Conclusiones (diciembre, parte IV).

Las elecciones parlamentarias están aquí, faltan menos de cuatro meses, y de inicio lo voy diciendo, estoy -y ojalá me equivocase- casi convencido de nuestra derrota como oposición, pero votaré. Si no fuera a votar no hubiera publicado una serie de artículos completa tratando de que asimilemos la importancia de la Asamblea Nacional. Imagino que las personas optimistas en grado sumo, partidarios o miembros de alguna organización política, convencidos de la capacidad de los dirigentes opositores o de la madurez política del venezolano o lo que sea, estarán en desacuerdo conmigo, pero les pido que terminen de leer mis razones, porque probablemente en el fondo se darán cuenta de que comparten en parte mi sentir.

Son muchos los ingredientes de la receta para perder una elección en Venezuela. Hay que considerar primeramente que el gobierno, como siempre, tiene su aparataje de estrategias ventajistas y fraudulentas listo y en marcha.

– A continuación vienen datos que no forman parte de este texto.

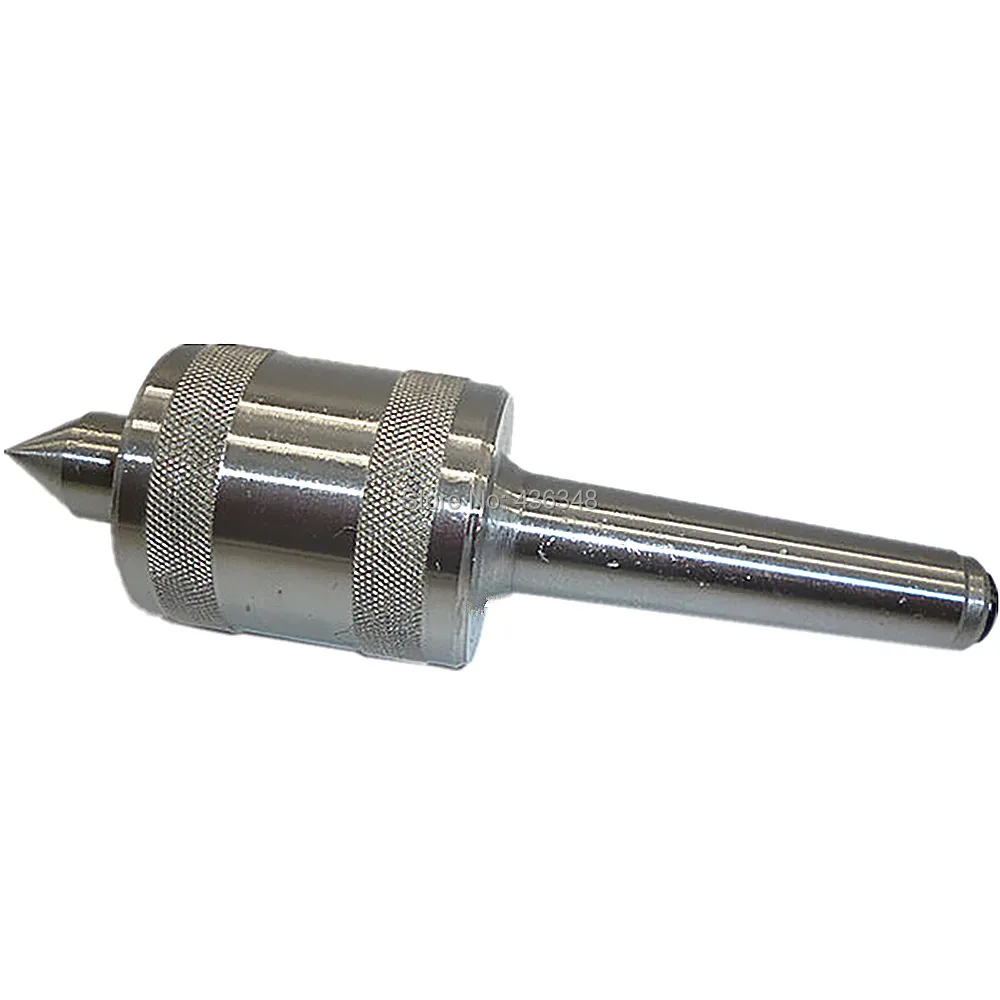 MT2 Live Center Set Morse Taper 2MT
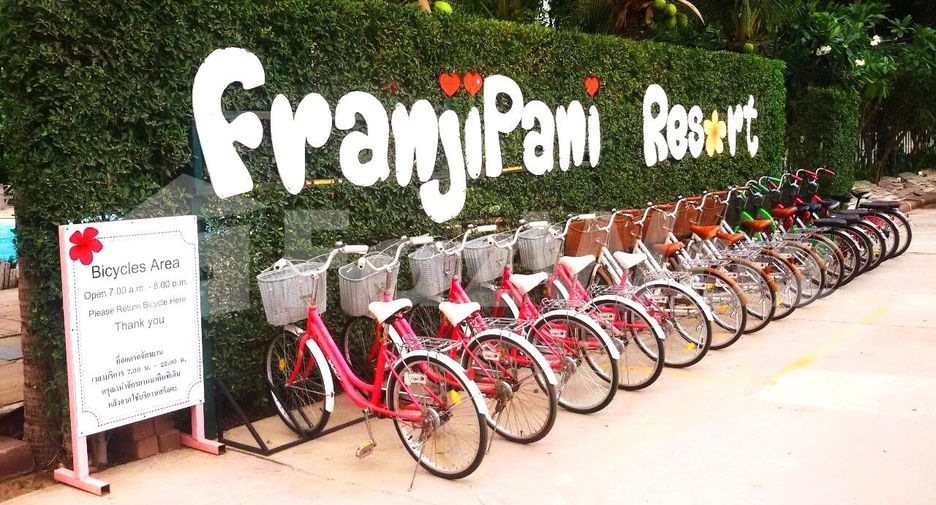 Frangipani Resort Hua Hin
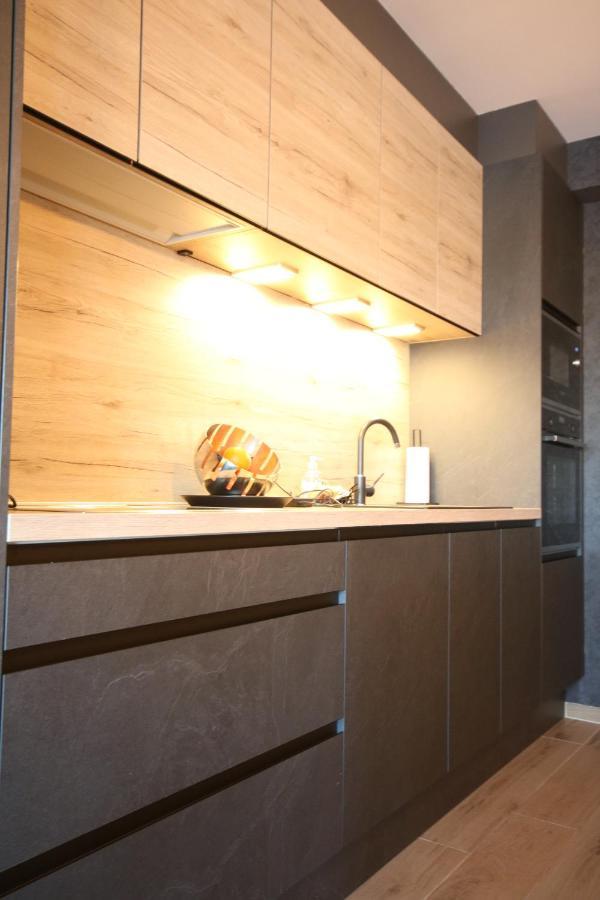 Appartement Residentie Rocky à Ostende Extérieur photo
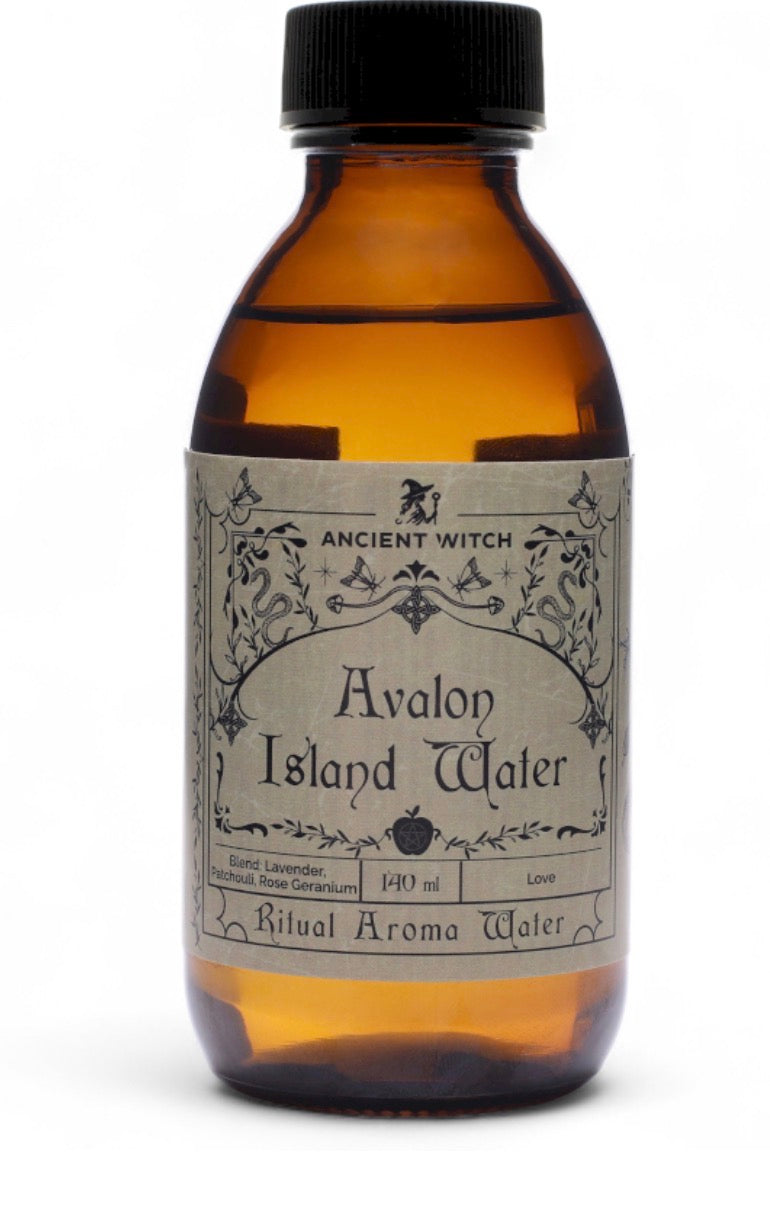 Ancient Witch Ritual Water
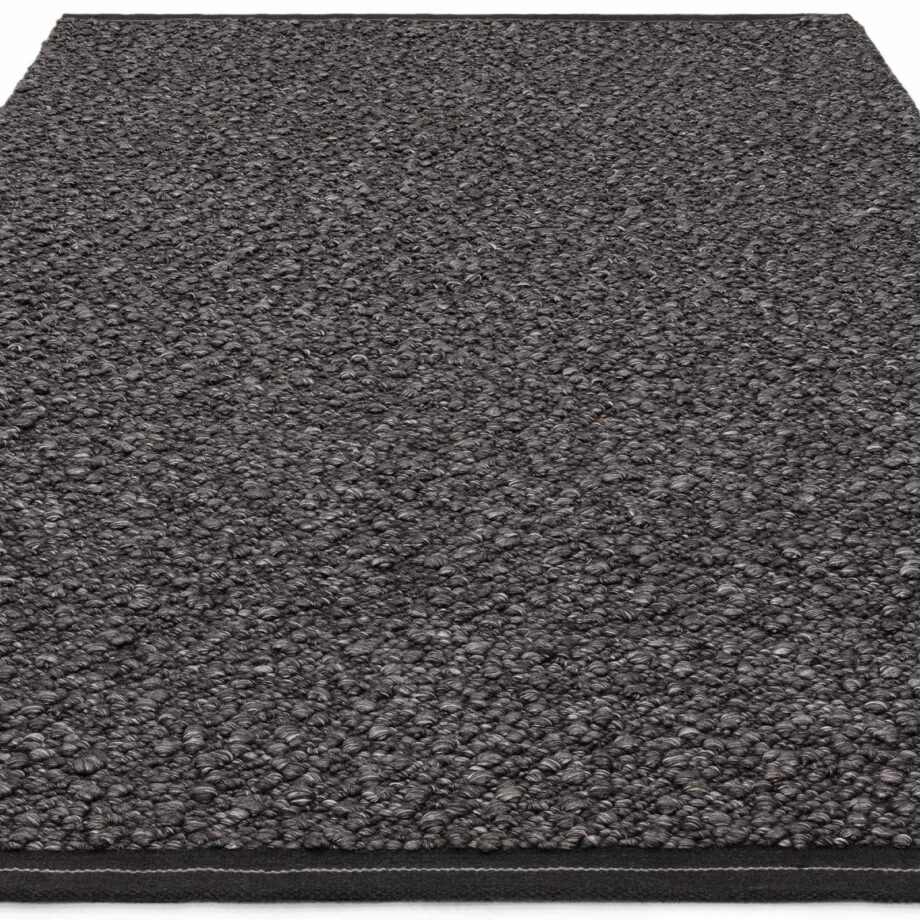 Asiatic rug Elm Charcoal 1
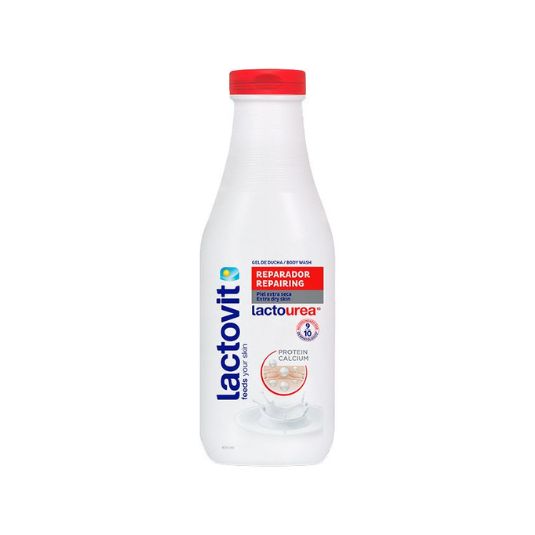 LACTOVIT LACTOUREA GEL DE BAÑO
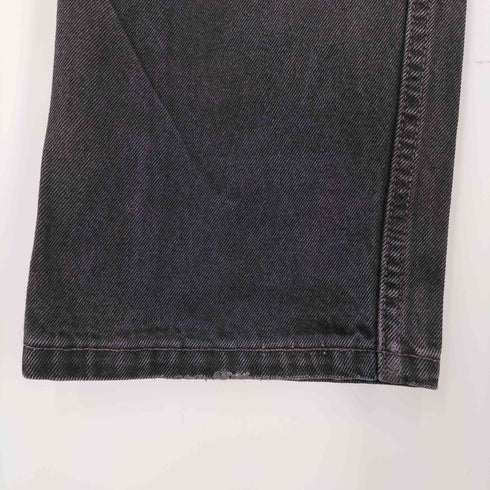 リーバイス Levis 505 REGULAR FIT STRAIGHT LEG MADE IN USA デニムパンツ メンズ US:32-33
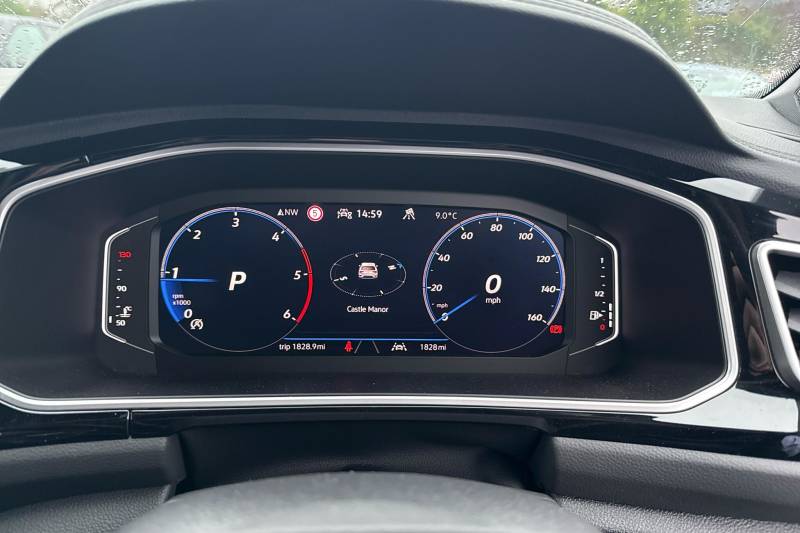 2025 Volkswagen T Roc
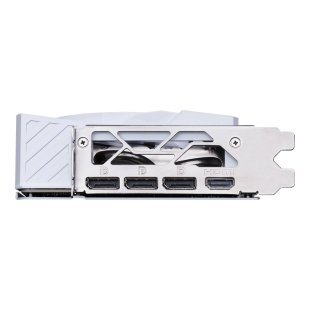 Видеокарта MSI GeForce RTX5070 Ti 16GB GAMING TRIO OC WHITE (RTX 5070 Ti 16G GAMING TRIO OC WHITE)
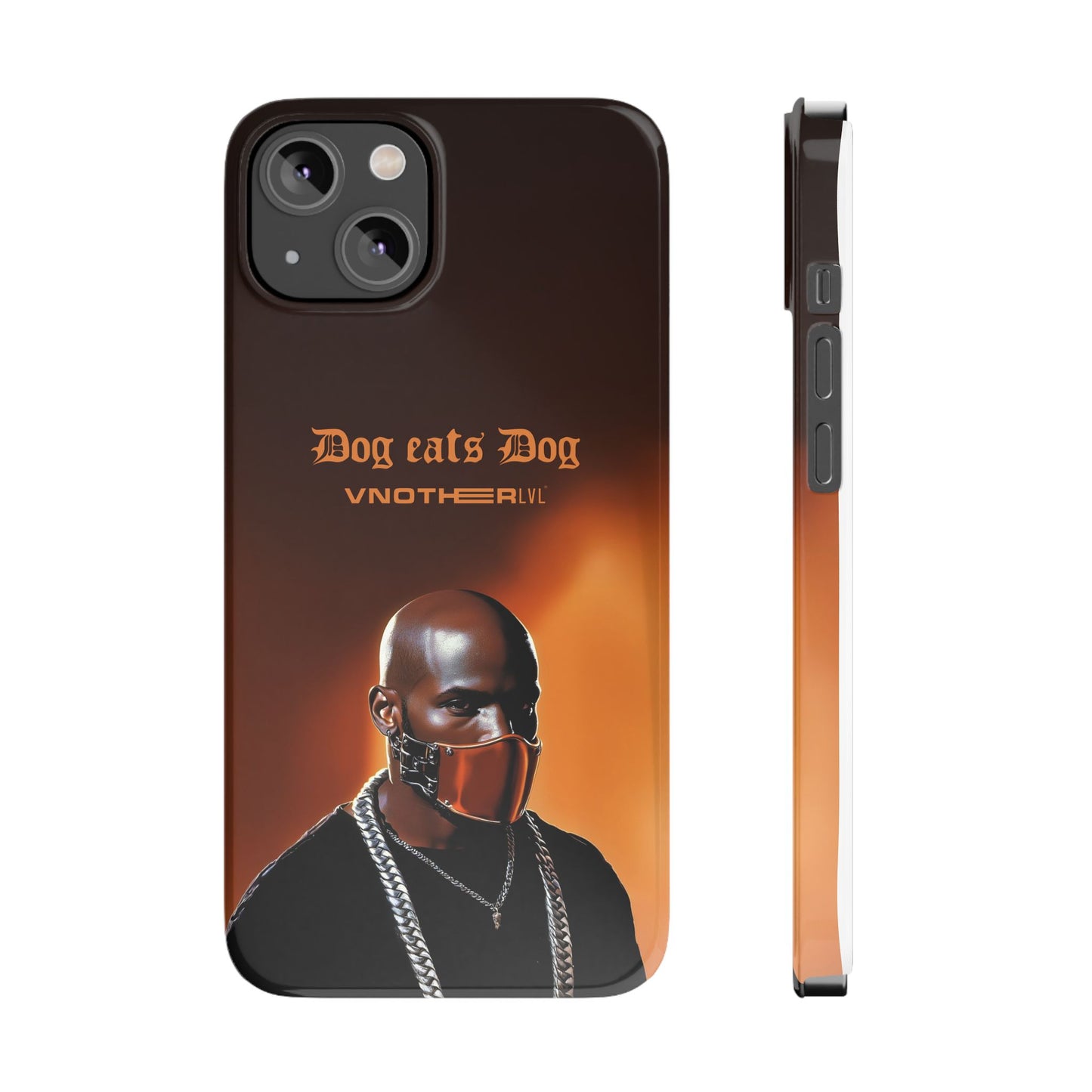 VNOTHERLVL Phone Case - "Dog eats Dog" DMX / Rap / Hip Hop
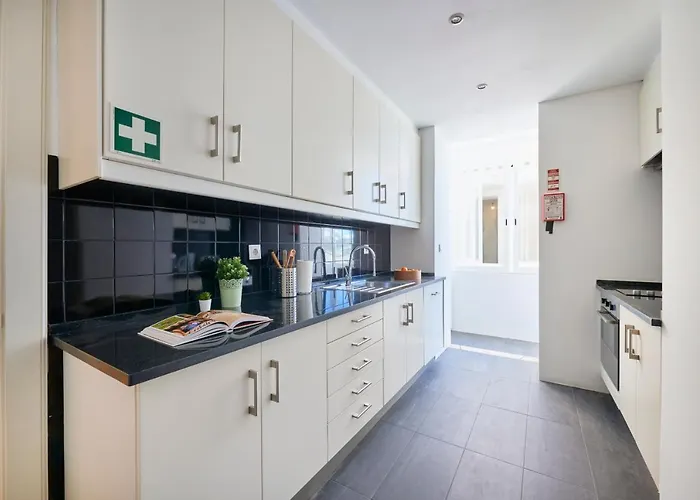 Sunny In Lisbon! شقة Lisboa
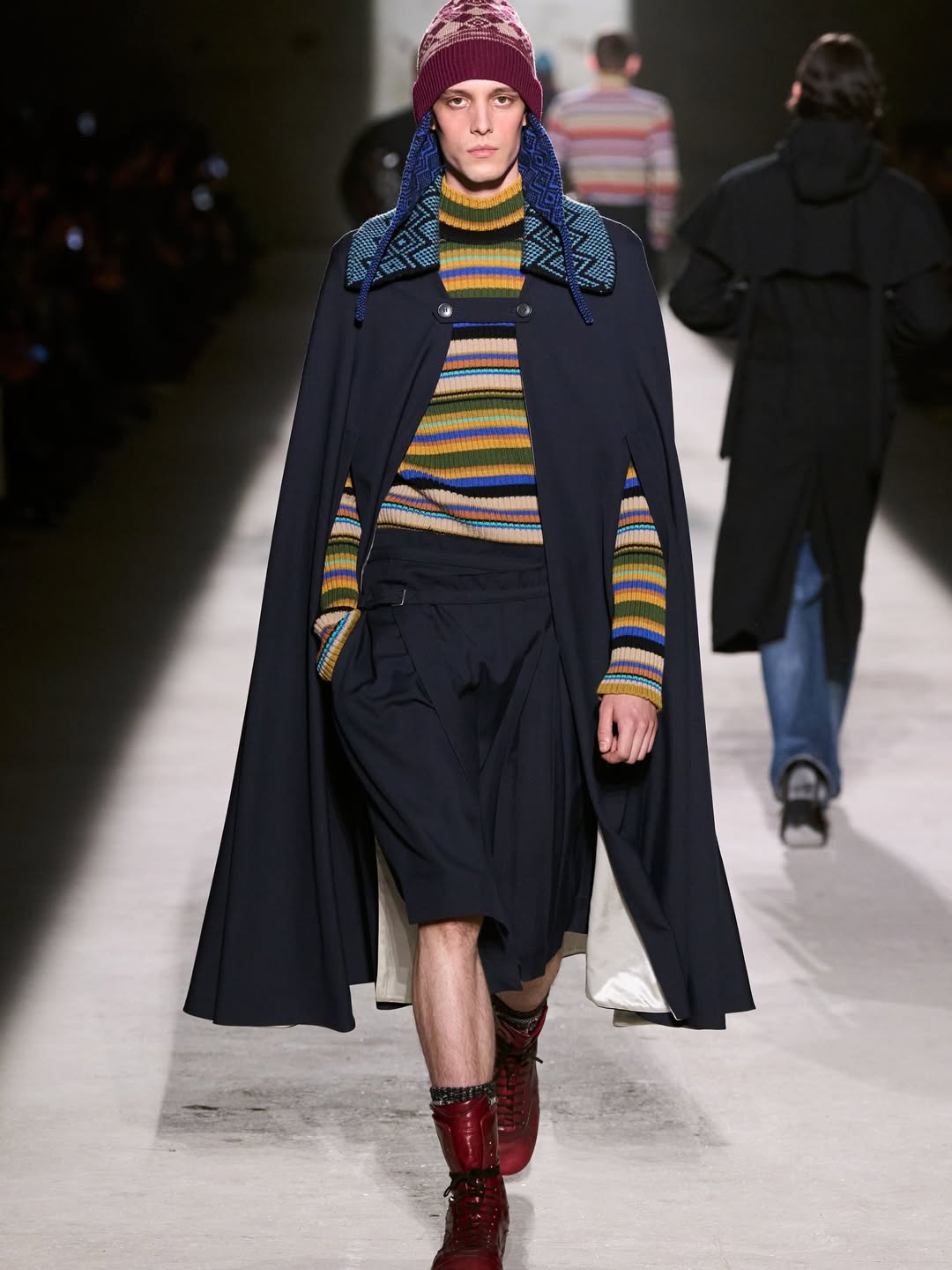 @driesvannoten by @julianklausner 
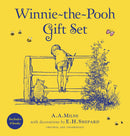 Classic Winnie-the-Pooh 8 gift book set by A. A. Milne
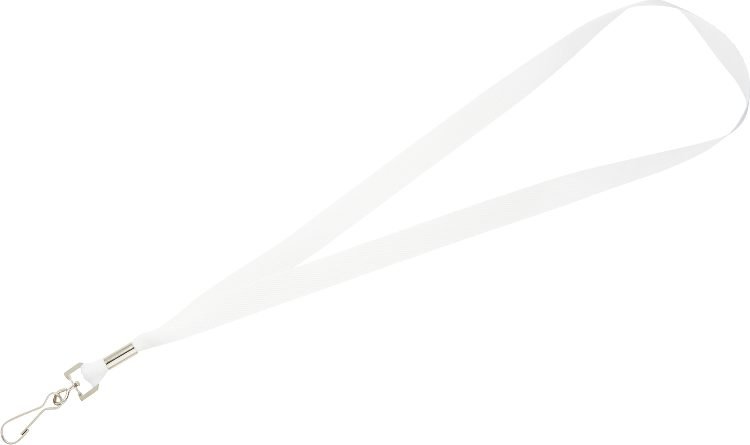 Full Color 3/4" Lanyard w/ Hook - Image 2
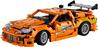 LEGO Technic Fast and Furious Toyota Supra MK4 Toy Sports Car Model Ki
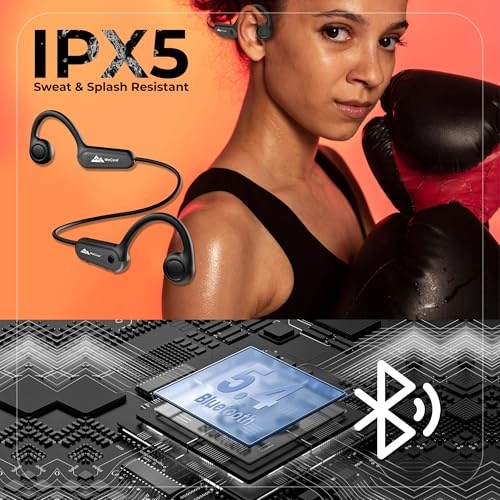 Moonwalk M1 Wireless Headphone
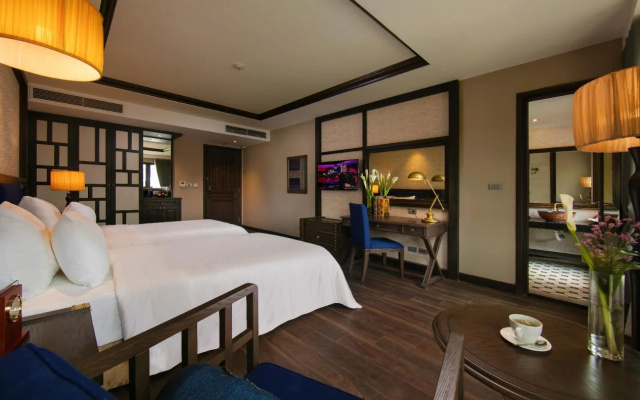 Lotus Aroma Sapa Hotel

Sin ningún tipo de reparo son utilizados los bienes del patrimonio público de la República, de los Estados y Municipios, así como de las empresas públicas, con fines proselitistas.

Camionetas y autobuses de PDVSA usados para transporte a actos de campaña y a los centros de votación; dádivas al pueblo en tiempos electorales en las más variadas formas: comida, productos de primera necesidad, electrodomésticos, cupos en universidades, becas y subsidios y promesas de vivienda; unidades de transporte público dependientes del poder central que proyectan mensajes escritos de apoyo frontal al gobierno (“El Esequibo es nuestro, Chávez vive la patria sigue. ¡Victoria antiimperialista!” en los flamantes buses de Metromara, por ejemplo); el uso de los infinitos medios de comunicación controlados por el Estado para endorsar a los candidatos chavistas y desprestigiar a sus contendores; campañas de mejoramiento de la imagen pública por vía de la liberación de alguno que otro preso político, para tratar de captar el voto del no decidido; retardo en la adopción de medidas económicas necesarias como el aumento de los precios de la gasolina y la desregularización de precios, que serían impopulares y negativas en el campo político; y así un largo etcétera.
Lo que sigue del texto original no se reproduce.